A blank template to get started with Payload 3.0

Readme

Payload Plugin Template

A template repo to create a Payload CMS plugin.

Brand URL Model

Brands own their URL namespace through the localized rootPath field. Use rootPath as the preferred public API for brand routing and URL-prefix logic. Every page assigned to a brand must use either the brand's root path itself or a child path below it. Nested root paths are valid: for example, one default brand can own / while more specific brands own /aqua and /azul. When multiple brand root paths match a URL, the most specific root path wins.

The homeLink field is kept for backwards compatibility with existing API consumers. It is hidden from editors and managed by the plugin: when a page's localized pathname matches the brand's localized rootPath, that page becomes the derived home link. New consumers should not treat homeLink as the source of truth for a brand's URL prefix.

For existing projects that already have production brands with homeLink data but no rootPath, deploy the plugin version that includes rootPath, then run a Payload migration that calls migrateBrandHomeLinksToRootPaths once.

import { migrateBrandHomeLinksToRootPaths } from "@fxmk/cms-plugin";

await migrateBrandHomeLinksToRootPaths({
  payload,
  req,
});

Review the returned skipped and missing counts before removing any legacy assumptions in your application.

Brand Theme Color Model

Brands expose an explicit themeColor field so editors can choose a visual theme independently from the brand identity. Configure the available theme tokens in cmsPlugin; the first option is used as the default for newly created brands.

cmsPlugin({
  themeColors: [
    { label: "Puerta", value: "puerta" },
    { label: "Aqua", value: "aqua" },
    { label: "Azul", value: "azul" },
  ],
  mediaS3Storage: {
    accessKeyId: process.env.MEDIA_S3_ACCESS_KEY_ID || "",
    bucket: process.env.MEDIA_S3_BUCKET || "",
    region: process.env.MEDIA_S3_REGION || "",
    secretAccessKey: process.env.MEDIA_S3_SECRET_ACCESS_KEY || "",
  },
});

Existing brand documents created before themeColor existed need to be backfilled before frontends switch from brand-id-based theme lookup to brand.themeColor.
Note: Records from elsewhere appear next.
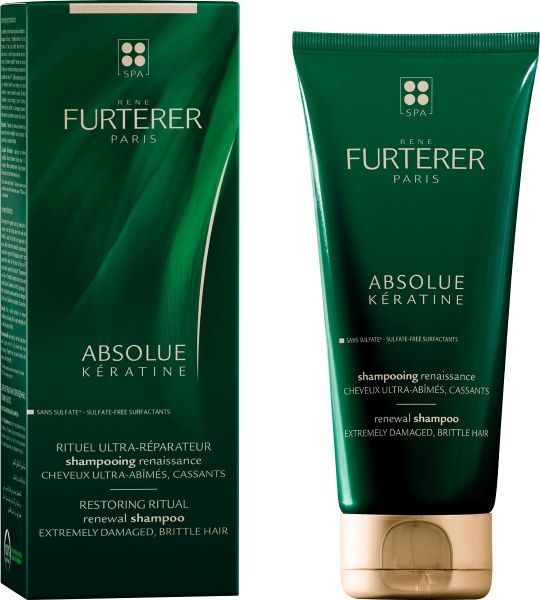 Шампунь Rene Furterer Absolue Keratineбессульфатный 200 мл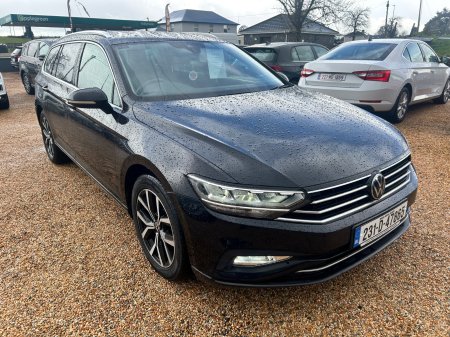 2023 Volkswagen Passat 2.0 TDI 150HP Elegance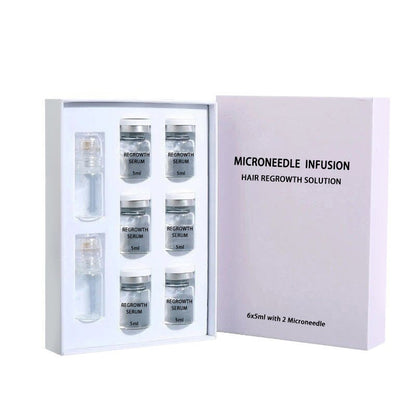 Sooluna ReGrowth™ Microneedle Infusion System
Run a Payload migration that maps existing brand IDs to the desired theme token.

import { migrateBrandThemeColors } from "@fxmk/cms-plugin";

await migrateBrandThemeColors({
  payload,
  req,
  defaultThemeColor: "puerta",
  themeColorByBrandId: {
    puerta: "puerta",
    aqua: "aqua",
    azul: "azul",
  },
});

Review brandsUsingDefaultThemeColor in the returned result. A non-zero value can be expected for intentional default-brand fallbacks, but it is also a useful signal that a newly discovered brand ID was not included in the mapping.

Payload is built with a robust infrastructure intended to support Plugins with ease. This provides a simple, modular, and reusable way for developers to extend the core capabilities of Payload.
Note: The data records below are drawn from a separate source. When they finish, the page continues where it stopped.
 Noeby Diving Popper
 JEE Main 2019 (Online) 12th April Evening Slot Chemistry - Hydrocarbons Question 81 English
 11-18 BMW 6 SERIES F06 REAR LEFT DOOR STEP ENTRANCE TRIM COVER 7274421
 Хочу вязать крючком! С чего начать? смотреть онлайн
To build your own Payload plugin, all you need is:

  • An understanding of the basic Payload concepts
  • And some JavaScript/Typescript experience

Background

Here is a short recap on how to integrate plugins with Payload, to learn more visit the plugin overview page.

How to install a plugin

To install any plugin, simply add it to your payload.config() in the Plugin array.

import myPlugin from "my-plugin";

export const config = buildConfig({
  plugins: [
    // You can pass options to the plugin
    myPlugin({
      enabled: true,
    }),
  ],
});

Initialization

The initialization process goes in the following order:

  1. Incoming config is validated
  2. Plugins execute
  3. Default options are integrated
  4. Sanitization cleans and validates data
  5. Final config gets initialized

Media organization

The plugin organizes uploads with the legacy media category collection by default. Consumers can opt into Payload's native folders, or disable built-in media organization entirely:

cmsPlugin({
  media: {
    organization: "folders",
  },
  mediaS3Storage: {
    accessKeyId: process.env.MEDIA_S3_ACCESS_KEY_ID || "",
    bucket: process.env.MEDIA_S3_BUCKET || "",
    region: process.env.MEDIA_S3_REGION || "",
    secretAccessKey: process.env.MEDIA_S3_SECRET_ACCESS_KEY || "",
  },
});

Available organization modes:

  • "categories" keeps the existing mediaCategory collection and category relationship field. This is the default.
  • "folders" enables Payload folders on the media collection and the browse-by-folder admin view.
  • "none" leaves media without plugin-provided categories or folders.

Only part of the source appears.